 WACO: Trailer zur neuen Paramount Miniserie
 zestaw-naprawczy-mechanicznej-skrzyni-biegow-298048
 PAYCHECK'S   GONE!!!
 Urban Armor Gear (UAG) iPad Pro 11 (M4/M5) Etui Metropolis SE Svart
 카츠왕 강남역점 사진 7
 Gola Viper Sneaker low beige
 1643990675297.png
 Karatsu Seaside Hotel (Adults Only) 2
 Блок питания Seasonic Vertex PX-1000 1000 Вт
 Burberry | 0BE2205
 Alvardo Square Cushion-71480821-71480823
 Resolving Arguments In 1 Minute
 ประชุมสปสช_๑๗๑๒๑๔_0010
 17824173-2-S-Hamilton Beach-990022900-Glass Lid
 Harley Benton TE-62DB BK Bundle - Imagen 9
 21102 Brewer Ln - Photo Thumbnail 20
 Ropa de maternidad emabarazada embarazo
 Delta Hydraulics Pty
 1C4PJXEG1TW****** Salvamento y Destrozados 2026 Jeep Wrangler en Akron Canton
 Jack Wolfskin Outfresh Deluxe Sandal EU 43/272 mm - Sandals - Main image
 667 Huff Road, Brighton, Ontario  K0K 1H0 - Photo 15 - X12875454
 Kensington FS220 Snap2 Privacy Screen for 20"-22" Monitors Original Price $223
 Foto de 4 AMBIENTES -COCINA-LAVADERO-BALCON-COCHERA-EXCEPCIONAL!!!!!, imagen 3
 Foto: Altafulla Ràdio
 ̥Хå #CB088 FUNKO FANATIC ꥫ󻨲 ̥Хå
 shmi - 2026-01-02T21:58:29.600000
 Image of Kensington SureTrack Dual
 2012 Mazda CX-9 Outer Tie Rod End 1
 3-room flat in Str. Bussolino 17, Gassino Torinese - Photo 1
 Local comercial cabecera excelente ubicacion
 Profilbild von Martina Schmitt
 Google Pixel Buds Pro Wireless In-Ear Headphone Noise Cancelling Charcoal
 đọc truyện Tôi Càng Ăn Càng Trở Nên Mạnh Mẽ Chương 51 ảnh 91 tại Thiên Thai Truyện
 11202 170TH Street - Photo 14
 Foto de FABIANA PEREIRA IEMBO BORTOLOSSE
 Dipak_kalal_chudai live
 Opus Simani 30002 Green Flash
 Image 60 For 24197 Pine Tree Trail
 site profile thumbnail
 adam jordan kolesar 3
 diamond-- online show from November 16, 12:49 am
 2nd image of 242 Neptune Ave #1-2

━━━━━━━━━━━━━━━━━━━━━━━━━━━━━━

=== WHAT THIS TASK INVOLVES ===
Reproduce the final stretch of the data above: every line from the one holding "Dipak_kalal_chudai live" through the end, inclusive, exactly as written and nothing else.

=== SOLUTION TO THE EXERCISE ===
 Dipak_kalal_chudai live
 Opus Simani 30002 Green Flash
 Image 60 For 24197 Pine Tree Trail
 site profile thumbnail
 adam jordan kolesar 3
 diamond-- online show from November 16, 12:49 am
 2nd image of 242 Neptune Ave #1-2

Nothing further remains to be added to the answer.